Karl Nolle, MdL

DNN/LVZ, 20.06.2013

Sächsischer Verfassungsschutz-Vize Vahrenhold muss gehen - unbekannte Akten aufgetaucht.

 
Ermittler stoßen auf drei bisher nicht bekannte Aktenordner mit NSU-Bezug / Details zu Absprachen zwischen Geheimdienst und Polizei

Dresden. Neuer Skandal beim sächsischen Verfassungsschutz um Akten zur Zwickauer Terror-Zelle: Nach Informationen der Leipziger Volkszeitung sind Ermittler bei einer erneuten Sichtung des Geheimmaterials auf drei weitere, bisher nicht bekannte Aktenordner mit Terror-Bezug gestoßen. Bei den Beständen handelt es um die Themenkomplexe Ku-Klux-Klan, Blood & Honour sowie um eine Geheimoperation namens Terzett. Das verlautete gestern aus Sicherheitskreisen in Dresden.

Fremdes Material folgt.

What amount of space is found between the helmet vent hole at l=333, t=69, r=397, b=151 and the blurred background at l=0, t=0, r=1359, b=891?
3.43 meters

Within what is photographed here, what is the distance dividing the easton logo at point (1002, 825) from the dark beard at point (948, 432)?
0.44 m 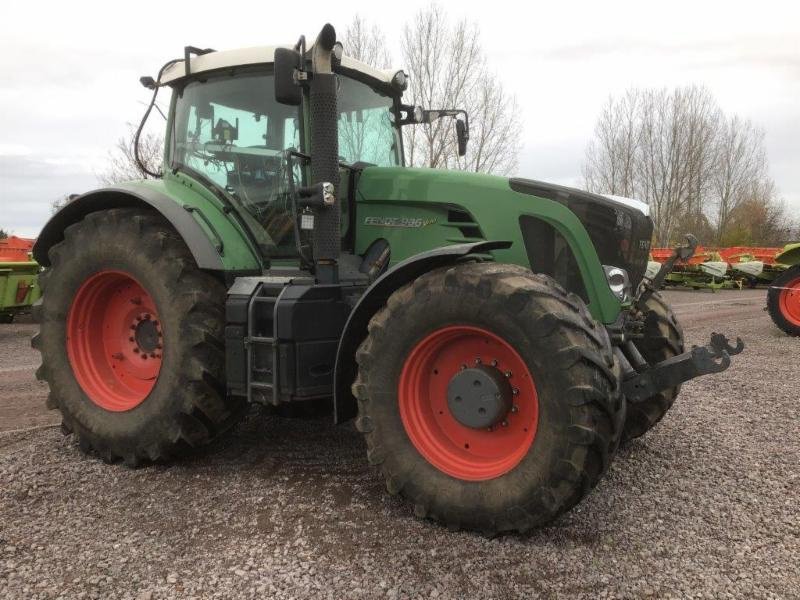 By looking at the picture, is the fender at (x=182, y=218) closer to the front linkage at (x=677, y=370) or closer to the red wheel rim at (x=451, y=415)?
the red wheel rim at (x=451, y=415)

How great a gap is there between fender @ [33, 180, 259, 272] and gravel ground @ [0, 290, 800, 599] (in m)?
1.20

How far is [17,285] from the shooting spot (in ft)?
→ 32.0

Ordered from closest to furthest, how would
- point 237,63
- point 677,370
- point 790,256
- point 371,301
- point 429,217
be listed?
point 677,370 < point 371,301 < point 429,217 < point 237,63 < point 790,256

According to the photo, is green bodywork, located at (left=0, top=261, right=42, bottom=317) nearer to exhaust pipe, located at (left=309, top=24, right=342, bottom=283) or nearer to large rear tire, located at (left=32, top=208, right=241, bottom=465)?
large rear tire, located at (left=32, top=208, right=241, bottom=465)

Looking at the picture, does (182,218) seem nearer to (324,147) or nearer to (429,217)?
(324,147)

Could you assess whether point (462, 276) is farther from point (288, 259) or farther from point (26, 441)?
point (26, 441)

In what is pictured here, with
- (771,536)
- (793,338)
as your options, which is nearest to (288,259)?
(771,536)

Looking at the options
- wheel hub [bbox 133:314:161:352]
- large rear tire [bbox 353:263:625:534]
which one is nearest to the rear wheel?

Die jetzt aufgetauchten Ordner sind geeignet, ein neues Licht auf die Ermittlungspannen der Sicherheitsbehörden zu werfen. So steht Ku-Klux-Klan für einen rassistischen Geheimbund vor allem in den USA, der auch in Deutschland sein Unwesen treiben soll. Blood & Honour (Blut und Ehre) wiederum bezeichnet ein Neonazi-Netzwerk mit Schwerpunkt in Sachsen, und Terzett dreht sich um eine hochheikle Abhöraktion der Ermittler im direkten Umfeld des Nationalsozialistischen Untergrunds (NSU).

Nach LVZ-Informationen sind die neuen Aktenbestände weder registriert, noch sind sie als "VS - vertrauliche Verschlusssache" gekennzeichnet. Zusätzlich brisant ist der Fund, weil die Ordner im sogenannten Altarchiv des Landesamtes für Verfassungsschutz gelagert wurden, eine Art Raum für aktuell nicht mehr benötigte Bestände. Das allerdings widerspricht der aktuellen Lage nach dem NSU-Ermittlungsdebakel.

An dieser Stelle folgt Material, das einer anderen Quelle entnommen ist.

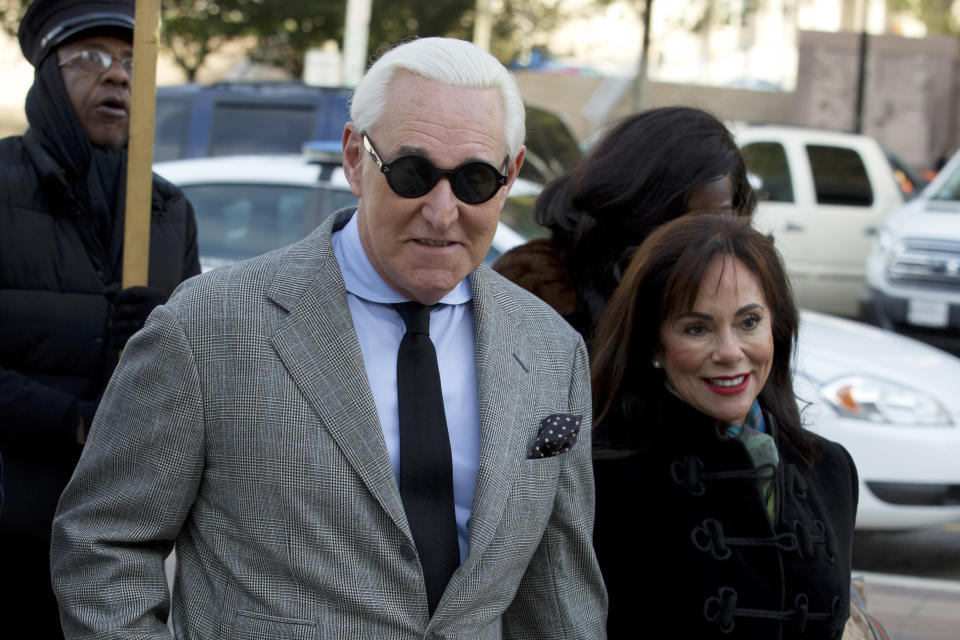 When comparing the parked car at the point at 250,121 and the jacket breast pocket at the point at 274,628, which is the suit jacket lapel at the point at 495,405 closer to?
the jacket breast pocket at the point at 274,628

Interessant ist vor allem der Ordner zum Themenkomplex Terzett mit weiteren Details zu Absprachen zwischen Verfassungsschutz und den Zielfahndern der Polizei. Dabei geht es nicht zuletzt um eine Observation von verdeckten Ermittlern rund um eine Wohnung in Chemnitz im Jahr 2000, an der auch ein Mobiles Einsatzkommando (MEK) beteiligt war. Diese Geheimaktion verlief aus dubiosen Gründen im Sande.

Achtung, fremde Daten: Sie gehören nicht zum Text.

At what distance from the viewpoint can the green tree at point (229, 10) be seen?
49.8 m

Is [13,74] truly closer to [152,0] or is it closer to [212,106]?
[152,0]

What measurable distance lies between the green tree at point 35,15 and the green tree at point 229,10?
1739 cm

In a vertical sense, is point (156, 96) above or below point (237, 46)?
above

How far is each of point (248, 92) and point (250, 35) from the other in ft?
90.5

Heikel ist dieser neue Fund aber auch aus politischen Gründen. So war der frühere Chef des sächsischen Verfassungsschutzes, Reinhard Boos, vor rund einem Jahr aus genau demselben Grund zurückgetreten. Auch damals hatte eine Ermittlungspanne das Landesamt erschüttert, nachdem Ermittler erst nachträglich auf Geheimprotokolle gestoßen waren, die eigentlich nicht mehr dort hätten lagern dürfen. Boos hatte die Konsequenzen aus dieser Schlamperei gezogen und seinen Rücktritt erklärt.

Darüber hinaus dürften die neu aufgetauchten Akten auch im U-Ausschuss zum Neonazi-Terror eine erhebliche Rolle spielen. Die nächste Sitzung des Kontrollgremiums findet bereits morgen statt. Diese neuerliche Aktenpanne hat bereits zu ersten Konsequenzen geführt. Gestern Abend wurde bekannt, dass der langjährige Vize beim Landesamt für Verfassungsschutz, Olaf Vahrenhold, zum 1. Juli seinen Hut nehmen muss. Er wird Abteilungsleiter beim Sächsischen Staatsarchiv - eine klare Deklassierung.